GIVEN DATA:
•••••
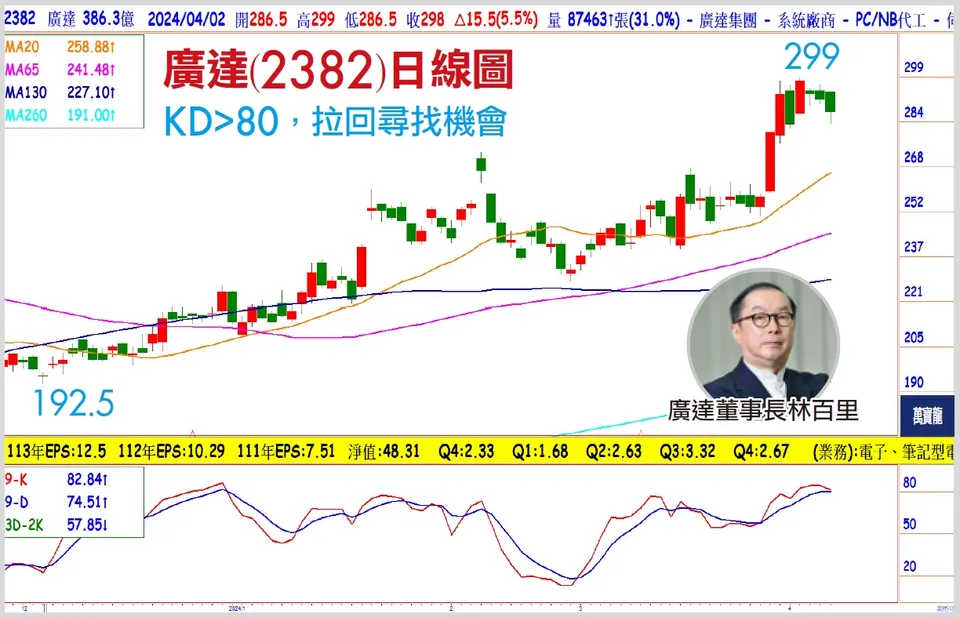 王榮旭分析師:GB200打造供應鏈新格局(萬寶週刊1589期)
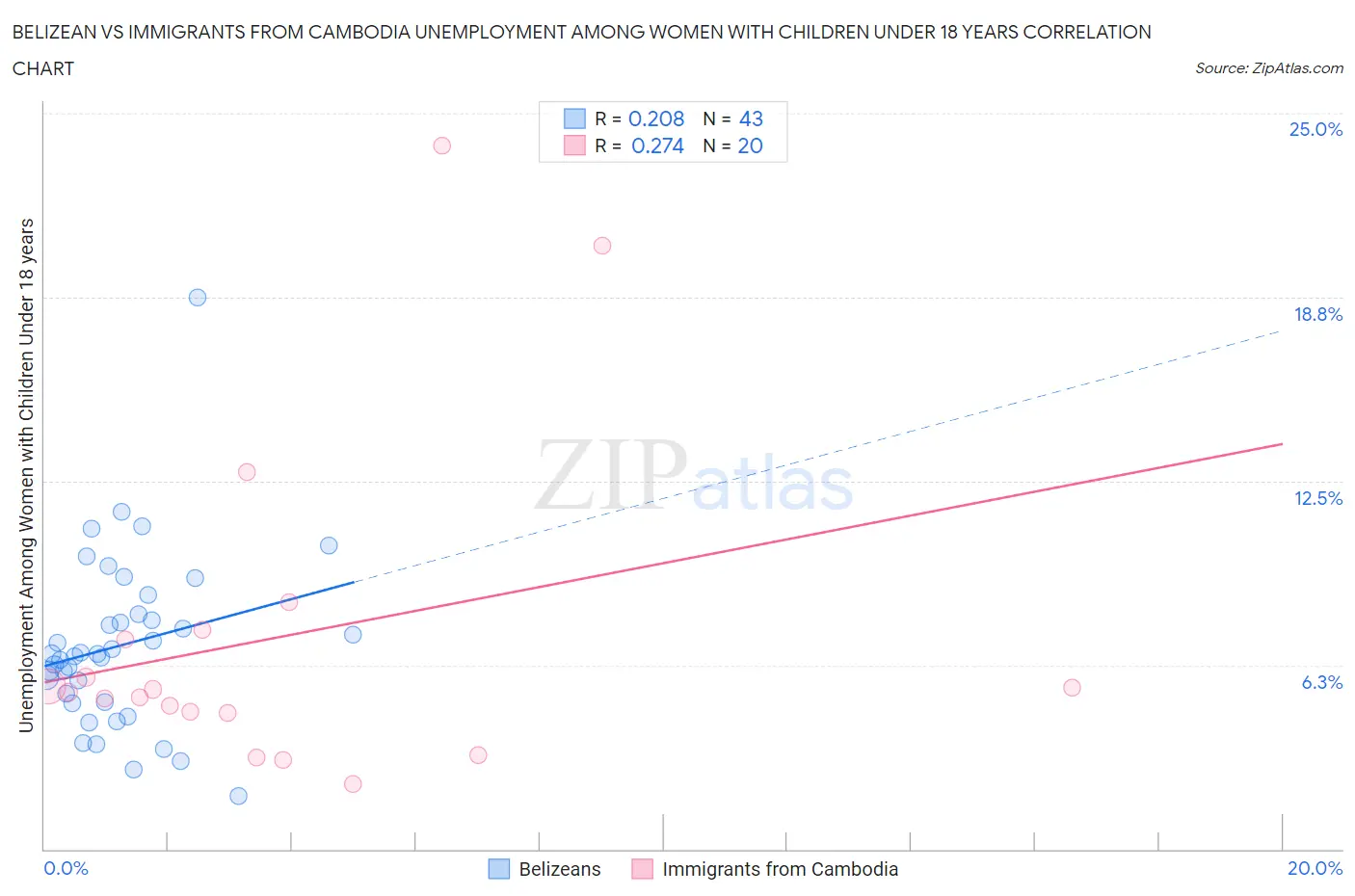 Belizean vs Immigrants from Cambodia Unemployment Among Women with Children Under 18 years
•••••
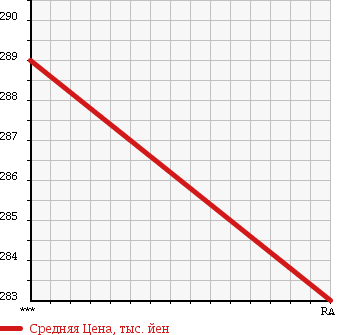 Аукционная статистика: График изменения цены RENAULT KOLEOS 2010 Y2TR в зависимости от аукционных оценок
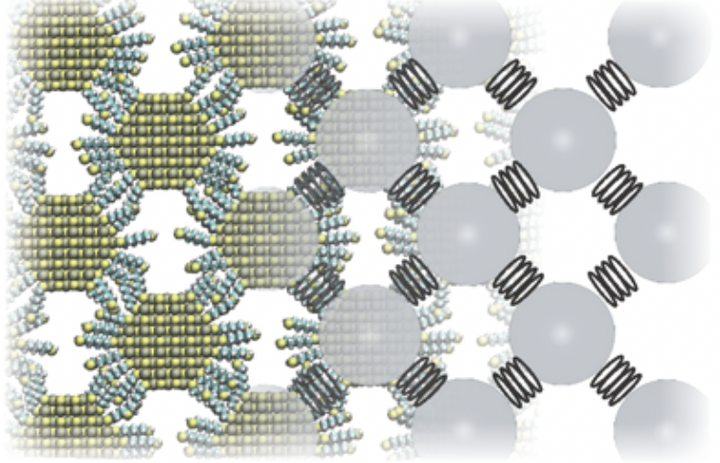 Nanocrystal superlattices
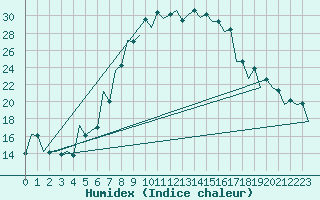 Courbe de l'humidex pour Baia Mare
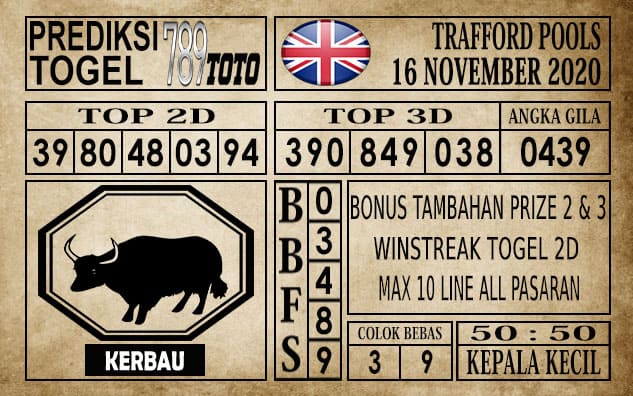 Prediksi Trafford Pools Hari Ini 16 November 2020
•••••
REQUIREMENT: Please repeat the lines of the material above exactly, starting with the line that contains "Аукционная статистика: График" and ending with the line that contains "Prediksi Trafford Pools". Leave the pictures out.

SOLUTION TO THIS PROBLEM:
 Аукционная статистика: График изменения цены RENAULT KOLEOS 2010 Y2TR в зависимости от аукционных оценок
 Nanocrystal superlattices
 Courbe de l'humidex pour Baia Mare
 Prediksi Trafford Pools Hari Ini 16 November 2020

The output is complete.